A Phase II Clinical Trial of Ixabepilone (Ixempra [R], BMS-247550, NSC 710428), an Epothilone B Analog, in Cervical Cancer


- Ixabepilone (Ixempra (Trademark), BMS-247550, NSC 710428) is a semi-synthetic analog of
the natural product epothilone B.

- The epothilones are a novel class of non-taxane microtubule-stabilizing agents obtained
from the fermentation of the cellulose degrading myxobacteria, Sorangium cellulosum.

- Ixabepilone is active against cancer models that are naturally insensitive to
paclitaxel or have developed resistance to paclitaxel, both in-vitro and in-vivo.



- Establish the efficacy of the investigational agent ixabepilone in patients with cervical
carcinoma when administered as a daily one-hour infusion on days 1 to 5 every three weeks,
as measured by overall response (PR+CR).


- Assess pharmacodynamic endpoints to determine the extent of tubulin polymerization and
whether or not there has been activation of cellular death pathways distal to the

- Estimate progression-free survival and duration of response.


- Age greater than 18

- Histologic or cytologic confirmation of cervical carcinoma; either squamous cell or
non-squamous consisting of cervical adenocarcinoma, cervical adenosquamous carcinoma or
cervical carcinoma, non-squamous type.


- Phase II study, open, non-randomized

- Ixabepilone will be administered at a dose of 6mg/m(2) daily on days 1 through 5, every
three weeks.

- Restaging will be done every two cycles using RECIST

- Planned maximum enrollment 76 persons

Inclusion Criteria


Patients must fulfill all of the following criteria to be eligible for study admission:

1. Age greater than or equal to 18 years.

2. Histologic or cytologic confirmation of cervical carcinoma, squamous or non-squamous.
Within the non-squamous cohort is adenocarcinoma and adenosquamous as well as
non-squamous (not otherwise specified).

3. Subjects with unresectable recurrent cervical cancer are eligible.

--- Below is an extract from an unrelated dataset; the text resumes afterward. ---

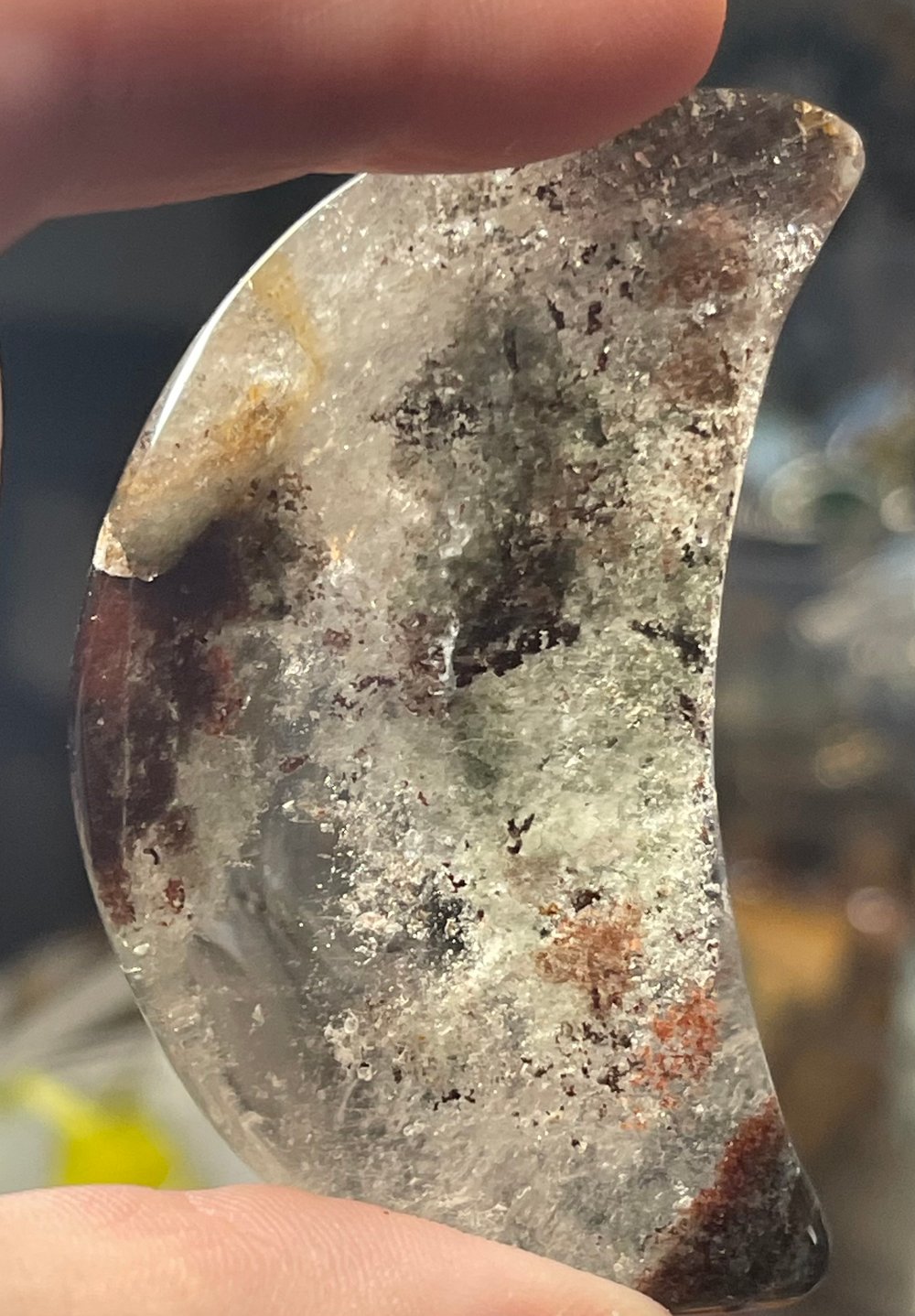 Image of Garden quartz moon 1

4. Measurable disease that can be assessed using RECIST criteria.

5. Performance Status ECOG 0-2.

6. Life expectancy of 3 months or greater.

7. Suitable candidate for receiving planned therapy as evidenced by screening laboratory
assessments of hematologic, renal, hepatic, and metabolic functions: platelet count
greater than or equal to 75,000/mm(3), absolute granulocyte count (AGC) greater than
or equal to 1,000/mm(3), serum creatinine less than or equal to 1.6 or a measured
creatinine clearance greater than or equal to 40 ml/min, SGPT and SGOT less than or
equal to 2.5 times the NL, and total bilirubin less than or equal to 1.5 times the NL
(in patients with clinical evidence of Gilberts' disease, less than or equal to 3
times the NL).

Note: A diagnosis of Gilbert's disease will be made in the presence of (1)
unconjugated hyperbilirubinemia noted on several occasions; (2) normal results from
CBC count, reticulocyte count, and blood smear; (3) normal liver function test
results; and (4) an absence of other disease processes that can explain the
unconjugated hyperbilirubinemia.

8. Greater than or equal to 4 weeks from prior radiation, intravenous chemotherapy or
immunotherapy; greater than or equal to 6 weeks from prior nitrosourea; greater than
or equal to 2 weeks from a prior phase 0 study .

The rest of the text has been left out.